WHAT NEEDS TO BE DONE:
Could you print every line from the first one of the records below through the line containing "Multifunction Electric Barbecue, 1500W", with both included and nothing else?

Records contained in a dataset:
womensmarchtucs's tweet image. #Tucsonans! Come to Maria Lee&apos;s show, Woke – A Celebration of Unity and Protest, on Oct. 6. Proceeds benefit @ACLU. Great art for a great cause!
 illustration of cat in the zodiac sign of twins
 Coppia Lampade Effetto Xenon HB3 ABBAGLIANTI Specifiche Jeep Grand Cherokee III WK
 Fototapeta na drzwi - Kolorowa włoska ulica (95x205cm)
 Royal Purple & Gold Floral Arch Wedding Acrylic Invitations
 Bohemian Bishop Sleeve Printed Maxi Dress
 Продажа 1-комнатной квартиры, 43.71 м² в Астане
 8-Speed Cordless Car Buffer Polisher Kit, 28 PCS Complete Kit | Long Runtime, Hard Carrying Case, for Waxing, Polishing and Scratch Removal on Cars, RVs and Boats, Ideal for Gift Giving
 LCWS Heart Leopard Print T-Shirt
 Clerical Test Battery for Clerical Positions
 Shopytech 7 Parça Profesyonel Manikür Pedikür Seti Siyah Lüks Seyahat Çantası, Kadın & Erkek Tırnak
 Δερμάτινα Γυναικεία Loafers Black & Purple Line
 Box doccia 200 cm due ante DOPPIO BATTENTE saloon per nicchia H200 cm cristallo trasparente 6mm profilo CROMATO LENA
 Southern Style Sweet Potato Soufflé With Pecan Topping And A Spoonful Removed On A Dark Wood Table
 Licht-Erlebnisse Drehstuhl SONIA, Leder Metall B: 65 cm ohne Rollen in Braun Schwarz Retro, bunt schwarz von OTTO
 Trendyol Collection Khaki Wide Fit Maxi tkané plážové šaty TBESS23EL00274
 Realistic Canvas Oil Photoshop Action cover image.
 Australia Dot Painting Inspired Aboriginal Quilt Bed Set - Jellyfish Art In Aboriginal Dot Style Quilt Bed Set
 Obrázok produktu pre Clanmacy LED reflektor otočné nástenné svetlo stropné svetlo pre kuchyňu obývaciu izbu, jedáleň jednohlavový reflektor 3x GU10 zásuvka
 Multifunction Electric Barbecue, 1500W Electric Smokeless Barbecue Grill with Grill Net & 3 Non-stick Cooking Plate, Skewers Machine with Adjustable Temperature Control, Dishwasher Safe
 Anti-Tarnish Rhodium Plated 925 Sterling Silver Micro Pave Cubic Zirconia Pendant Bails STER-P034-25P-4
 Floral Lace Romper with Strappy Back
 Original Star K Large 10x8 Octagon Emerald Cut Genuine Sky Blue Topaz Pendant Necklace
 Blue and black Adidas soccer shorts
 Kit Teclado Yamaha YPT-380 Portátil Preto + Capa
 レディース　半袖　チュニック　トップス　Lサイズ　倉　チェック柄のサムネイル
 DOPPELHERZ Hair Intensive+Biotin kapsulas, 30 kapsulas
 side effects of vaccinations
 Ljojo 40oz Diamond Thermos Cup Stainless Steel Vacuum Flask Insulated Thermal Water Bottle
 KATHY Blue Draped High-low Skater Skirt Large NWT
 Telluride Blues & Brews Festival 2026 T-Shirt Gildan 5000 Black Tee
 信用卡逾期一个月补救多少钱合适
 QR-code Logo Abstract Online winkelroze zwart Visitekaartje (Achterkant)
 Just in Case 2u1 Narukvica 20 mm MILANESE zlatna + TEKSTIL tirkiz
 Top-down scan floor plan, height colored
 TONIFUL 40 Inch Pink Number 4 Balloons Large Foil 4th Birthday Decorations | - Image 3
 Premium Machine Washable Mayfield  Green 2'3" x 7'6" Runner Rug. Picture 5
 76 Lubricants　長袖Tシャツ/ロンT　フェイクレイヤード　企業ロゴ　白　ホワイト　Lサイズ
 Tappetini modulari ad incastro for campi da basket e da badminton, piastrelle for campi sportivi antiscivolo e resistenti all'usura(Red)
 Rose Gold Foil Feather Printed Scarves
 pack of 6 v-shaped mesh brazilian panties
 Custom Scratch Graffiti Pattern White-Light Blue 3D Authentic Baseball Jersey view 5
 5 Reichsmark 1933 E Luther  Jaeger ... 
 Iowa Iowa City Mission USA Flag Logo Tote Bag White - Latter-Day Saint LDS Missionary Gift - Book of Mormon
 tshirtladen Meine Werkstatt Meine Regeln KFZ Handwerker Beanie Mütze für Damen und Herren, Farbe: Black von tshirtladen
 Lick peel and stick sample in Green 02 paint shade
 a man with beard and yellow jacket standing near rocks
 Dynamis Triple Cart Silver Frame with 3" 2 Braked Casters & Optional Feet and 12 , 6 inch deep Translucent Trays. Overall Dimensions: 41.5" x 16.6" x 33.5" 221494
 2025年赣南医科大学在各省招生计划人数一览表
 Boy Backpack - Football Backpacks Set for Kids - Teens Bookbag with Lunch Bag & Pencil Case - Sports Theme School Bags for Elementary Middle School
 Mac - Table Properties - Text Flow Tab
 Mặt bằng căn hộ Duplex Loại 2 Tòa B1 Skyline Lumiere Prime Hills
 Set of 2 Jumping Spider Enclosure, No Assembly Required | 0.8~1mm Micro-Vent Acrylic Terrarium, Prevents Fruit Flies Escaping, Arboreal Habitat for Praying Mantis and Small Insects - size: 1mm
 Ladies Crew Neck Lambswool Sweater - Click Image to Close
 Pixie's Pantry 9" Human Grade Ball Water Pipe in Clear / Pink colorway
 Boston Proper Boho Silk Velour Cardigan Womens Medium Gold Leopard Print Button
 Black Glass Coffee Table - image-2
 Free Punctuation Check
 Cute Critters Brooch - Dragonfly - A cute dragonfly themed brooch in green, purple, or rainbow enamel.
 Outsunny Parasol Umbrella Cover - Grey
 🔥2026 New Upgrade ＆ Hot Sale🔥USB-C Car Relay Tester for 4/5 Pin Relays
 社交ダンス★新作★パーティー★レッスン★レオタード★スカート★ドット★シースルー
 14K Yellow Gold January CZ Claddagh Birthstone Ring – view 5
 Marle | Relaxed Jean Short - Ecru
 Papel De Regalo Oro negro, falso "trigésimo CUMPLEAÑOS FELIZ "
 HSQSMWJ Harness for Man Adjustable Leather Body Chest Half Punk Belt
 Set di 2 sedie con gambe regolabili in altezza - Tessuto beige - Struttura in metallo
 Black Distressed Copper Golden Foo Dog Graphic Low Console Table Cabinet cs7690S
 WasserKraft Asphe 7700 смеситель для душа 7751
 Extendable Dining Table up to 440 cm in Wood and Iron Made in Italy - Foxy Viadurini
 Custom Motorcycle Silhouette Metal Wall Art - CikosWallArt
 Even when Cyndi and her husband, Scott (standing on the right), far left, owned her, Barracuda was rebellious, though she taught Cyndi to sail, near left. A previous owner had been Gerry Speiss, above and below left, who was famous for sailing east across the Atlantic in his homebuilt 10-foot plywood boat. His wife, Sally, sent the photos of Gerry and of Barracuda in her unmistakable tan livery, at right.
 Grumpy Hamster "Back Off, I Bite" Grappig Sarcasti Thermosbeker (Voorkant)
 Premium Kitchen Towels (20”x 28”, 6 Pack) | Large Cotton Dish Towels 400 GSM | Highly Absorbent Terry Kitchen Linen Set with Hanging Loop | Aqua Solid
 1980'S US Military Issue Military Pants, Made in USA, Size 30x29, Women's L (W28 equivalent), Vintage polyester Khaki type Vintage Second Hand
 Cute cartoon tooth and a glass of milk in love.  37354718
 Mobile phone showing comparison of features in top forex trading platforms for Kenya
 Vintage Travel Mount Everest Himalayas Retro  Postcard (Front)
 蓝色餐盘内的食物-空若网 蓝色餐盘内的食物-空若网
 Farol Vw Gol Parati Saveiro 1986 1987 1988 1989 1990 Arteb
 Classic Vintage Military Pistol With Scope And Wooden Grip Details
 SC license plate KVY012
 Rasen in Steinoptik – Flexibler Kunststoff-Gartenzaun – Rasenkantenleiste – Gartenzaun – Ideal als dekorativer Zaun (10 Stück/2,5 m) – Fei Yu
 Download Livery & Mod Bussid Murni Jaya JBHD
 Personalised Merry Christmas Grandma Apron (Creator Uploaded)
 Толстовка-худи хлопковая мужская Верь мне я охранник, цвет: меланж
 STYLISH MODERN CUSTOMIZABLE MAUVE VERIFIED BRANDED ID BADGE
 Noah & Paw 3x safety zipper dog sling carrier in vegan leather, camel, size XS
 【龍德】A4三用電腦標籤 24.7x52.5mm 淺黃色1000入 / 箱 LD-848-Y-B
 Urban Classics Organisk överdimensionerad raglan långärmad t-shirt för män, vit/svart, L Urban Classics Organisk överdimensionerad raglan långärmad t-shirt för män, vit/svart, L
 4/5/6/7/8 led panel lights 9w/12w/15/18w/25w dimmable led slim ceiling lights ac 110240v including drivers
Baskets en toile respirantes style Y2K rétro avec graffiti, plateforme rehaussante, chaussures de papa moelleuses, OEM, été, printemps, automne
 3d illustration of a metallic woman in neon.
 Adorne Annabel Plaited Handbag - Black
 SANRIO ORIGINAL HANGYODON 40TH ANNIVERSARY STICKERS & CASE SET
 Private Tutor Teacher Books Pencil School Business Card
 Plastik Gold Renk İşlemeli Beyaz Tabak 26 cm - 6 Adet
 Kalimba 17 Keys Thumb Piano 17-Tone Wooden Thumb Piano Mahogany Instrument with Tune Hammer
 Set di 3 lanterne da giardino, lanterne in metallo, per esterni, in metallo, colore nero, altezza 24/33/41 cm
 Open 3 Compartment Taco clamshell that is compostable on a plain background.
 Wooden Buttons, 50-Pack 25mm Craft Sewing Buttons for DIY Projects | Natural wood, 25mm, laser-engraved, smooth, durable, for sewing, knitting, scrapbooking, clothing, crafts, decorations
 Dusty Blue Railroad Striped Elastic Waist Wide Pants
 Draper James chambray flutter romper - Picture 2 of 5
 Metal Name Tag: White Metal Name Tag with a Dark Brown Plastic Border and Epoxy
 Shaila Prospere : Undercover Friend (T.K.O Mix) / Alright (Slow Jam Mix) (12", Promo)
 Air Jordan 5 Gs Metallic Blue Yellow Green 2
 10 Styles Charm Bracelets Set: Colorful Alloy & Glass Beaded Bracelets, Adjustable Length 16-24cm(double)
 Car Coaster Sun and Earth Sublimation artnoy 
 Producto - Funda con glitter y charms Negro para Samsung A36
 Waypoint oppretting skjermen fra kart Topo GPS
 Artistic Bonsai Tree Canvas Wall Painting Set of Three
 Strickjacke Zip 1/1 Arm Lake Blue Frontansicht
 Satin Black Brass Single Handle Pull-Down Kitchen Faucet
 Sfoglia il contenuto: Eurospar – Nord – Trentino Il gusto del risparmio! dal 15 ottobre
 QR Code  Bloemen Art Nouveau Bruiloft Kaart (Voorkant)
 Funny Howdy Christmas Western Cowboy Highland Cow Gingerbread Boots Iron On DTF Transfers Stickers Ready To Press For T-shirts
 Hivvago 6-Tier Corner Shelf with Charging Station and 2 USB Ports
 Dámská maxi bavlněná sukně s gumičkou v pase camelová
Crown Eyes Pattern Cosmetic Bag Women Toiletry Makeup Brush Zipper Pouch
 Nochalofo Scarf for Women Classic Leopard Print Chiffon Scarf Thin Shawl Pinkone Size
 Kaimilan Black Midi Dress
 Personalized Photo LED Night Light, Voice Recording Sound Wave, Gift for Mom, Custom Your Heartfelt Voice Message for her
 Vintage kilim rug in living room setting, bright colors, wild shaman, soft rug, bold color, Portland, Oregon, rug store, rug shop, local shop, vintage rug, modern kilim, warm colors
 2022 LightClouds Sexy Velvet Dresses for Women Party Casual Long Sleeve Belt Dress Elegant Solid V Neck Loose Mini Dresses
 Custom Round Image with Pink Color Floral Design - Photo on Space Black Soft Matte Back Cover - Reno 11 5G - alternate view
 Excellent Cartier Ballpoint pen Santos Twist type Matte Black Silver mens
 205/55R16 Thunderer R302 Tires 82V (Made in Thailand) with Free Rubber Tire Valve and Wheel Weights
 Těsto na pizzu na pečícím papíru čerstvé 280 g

EXERCISE OUTPUT:
womensmarchtucs's tweet image. #Tucsonans! Come to Maria Lee&apos;s show, Woke – A Celebration of Unity and Protest, on Oct. 6. Proceeds benefit @ACLU. Great art for a great cause!
 illustration of cat in the zodiac sign of twins
 Coppia Lampade Effetto Xenon HB3 ABBAGLIANTI Specifiche Jeep Grand Cherokee III WK
 Fototapeta na drzwi - Kolorowa włoska ulica (95x205cm)
 Royal Purple & Gold Floral Arch Wedding Acrylic Invitations
 Bohemian Bishop Sleeve Printed Maxi Dress
 Продажа 1-комнатной квартиры, 43.71 м² в Астане
 8-Speed Cordless Car Buffer Polisher Kit, 28 PCS Complete Kit | Long Runtime, Hard Carrying Case, for Waxing, Polishing and Scratch Removal on Cars, RVs and Boats, Ideal for Gift Giving
 LCWS Heart Leopard Print T-Shirt
 Clerical Test Battery for Clerical Positions
 Shopytech 7 Parça Profesyonel Manikür Pedikür Seti Siyah Lüks Seyahat Çantası, Kadın & Erkek Tırnak
 Δερμάτινα Γυναικεία Loafers Black & Purple Line
 Box doccia 200 cm due ante DOPPIO BATTENTE saloon per nicchia H200 cm cristallo trasparente 6mm profilo CROMATO LENA
 Southern Style Sweet Potato Soufflé With Pecan Topping And A Spoonful Removed On A Dark Wood Table
 Licht-Erlebnisse Drehstuhl SONIA, Leder Metall B: 65 cm ohne Rollen in Braun Schwarz Retro, bunt schwarz von OTTO
 Trendyol Collection Khaki Wide Fit Maxi tkané plážové šaty TBESS23EL00274
 Realistic Canvas Oil Photoshop Action cover image.
 Australia Dot Painting Inspired Aboriginal Quilt Bed Set - Jellyfish Art In Aboriginal Dot Style Quilt Bed Set
 Obrázok produktu pre Clanmacy LED reflektor otočné nástenné svetlo stropné svetlo pre kuchyňu obývaciu izbu, jedáleň jednohlavový reflektor 3x GU10 zásuvka
 Multifunction Electric Barbecue, 1500W Electric Smokeless Barbecue Grill with Grill Net & 3 Non-stick Cooking Plate, Skewers Machine with Adjustable Temperature Control, Dishwasher Safe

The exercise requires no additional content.